За густой кроной деревьев Александровского сада
нежно лоснятся топленым молоком церковные купола,
розовым цветом малосольной лососины поблескивают стены построек,
да и сам Кремль стоит непреступной преградой
из только освежеванной коровьей туши,
с которой содрана грубая и корявая шкура:
острые ребра обтянуты кровоточащей тканью и сухожилиями;
можно, конечно, сравнить эту архитектуру и с произведением кондитера,
вылепленные из маргарина купола,
украшенные засахаренными фруктами и желтыми цукатами, —
все зависит от того, насколько ты голоден,
и тарелка с желтой вареной картошкой, посыпанная рубленой зеленью
и сверху политая подсолнечным маслом,
также будет Кремль напоминать,
если соответствует вкусу и материальным возможностям
романтически настроенного певца обыденности.
* *
*
Беспредметность разговора, набор междометий и пауз,
молча слушать, как дождь стучит по металлической крыше,
в теле чувствуется озноб, наверное, начинающаяся простуда,
и деревья еще не распустились, а только почки набухли,
и бездумное гулянье по улицам и замусоренным переулкам,
взгляд, брошенный искоса на случайных прохожих,
мокрая меховая шапка, съехавшая на лоб, угнетает, положим,
все эти бесконечные проигрывания ситуаций, слов
и неловко положенной книги, машинальных оговорок,
найденных среди бумаг записок, написанных размашистым почерком,
означают всего лишь отсутствие направления мысли, только эмоции,
интересные лишь самому, только наступающее
резкое дрожание пальцев — судорога или нервный тик,
когда вдруг на улице вынужден прислониться к стене дома, чтобы
не упасть,
и этот дождь, перемежающийся редкими хлопьями снега,
серое небо, которому не видно конца, случайно сказанные фразы,
логика которых существует лишь где-то в подсознании.

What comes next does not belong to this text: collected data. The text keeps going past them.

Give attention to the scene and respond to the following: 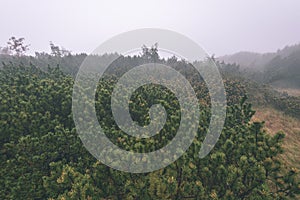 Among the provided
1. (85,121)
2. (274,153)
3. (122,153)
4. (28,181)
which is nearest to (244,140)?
(274,153)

Я покупаю красную перезревшую розу
и начинаю медленно отрывать ее лепестки, добираясь до середины,
туда, где эта белая набухшая мякоть, вязкая и пахучая,
соединяется с древесным стеблем, крепкими ногтями
расщепляю эту зеленую гадость — ну где она, эта тайна
рождения сладкого аромата и пурпурных подвядших лепестков,
выпускающая свой белый сок, пачкающий мне руки?
* *
*
Теща стремительно выбегает на улицу выносить мусор,
волосы ее треплет холодный ветер,
и остается ощущение не седины, а легкого снега,
падающего на нее и не успевающего растаять;
глаза ее сосредоточены, а движения целеустремленны,
полы байкового халата бьются о ноги в домашних тапочках
и задевают при движении снежные сугробы,
образовавшиеся за ночь возле подъезда;
мне говорят, что я женился не на жене, а на теще,
маленькая и худенькая, в ней было вместе с тем
всегда что-то волевое — то как она отказала своим бывшим мужьям
в их праве на дочь, а потом каждому сказала, что этот
замусоренный ребенок именно его,
то как она во время войны пошла шить одежду,
не держа до того ни разу в руках нитку с иголкой, —
страсть к манипуляциям, работе и красоте,
теща, пришедшая из чужих рассказов,
блистающая на званых обедах своей гордостью
и бриллиантами размерами с лесной орех,
потом всегда садящаяся во главе стола —
есть никто не начинал, пока она из своей комнаты не выйдет;
говорят, это болезнь — нервное заболевание, —
сначала стала дергаться у нее голова,
потом руки, она еще пыталась бороться,
врачи приносили ей все новые лекарства,
глаза ее потеряли блеск и энергию,
волосы разом вдруг поседели.
Старуха, легкая, как пушинка, прозрачная почти,
в своем байковом халате, расшитом алыми цветами,
только и ждет хищно, как мусор накопится,
и — хвать за ведро, на улицу его тащить;
помню еще короткий ее вздох,
когда я вынул ее тело из петли, —
врачи объяснили, что это воздух при повешенье
в груди накапливается и потом таким вот
последним дыханьем, последним выдохом выходит.
* *
*
Наконец и река оплела деревья, душит их, лелеет, выкорчевывает
с потрохами,
отражаясь в ней, уплывают изумрудные зданья, листья винограда,
конечно,
город смыт, и черты лица, отражаясь в этой ряби, уплывают тоже;
так струя воды из-под крана, попавшая на акварельную бумагу,
смывает с нее в одно мгновенье и уносит в канализационные недра
блеск глаз и черноту волос, легкие завитки под мышками, все то,
что так волновало, пахло пахуче, как пахнет неряшливая трава
перед наступлением грозы,
мучило ночами и определяло смысл безумного твоего существованья.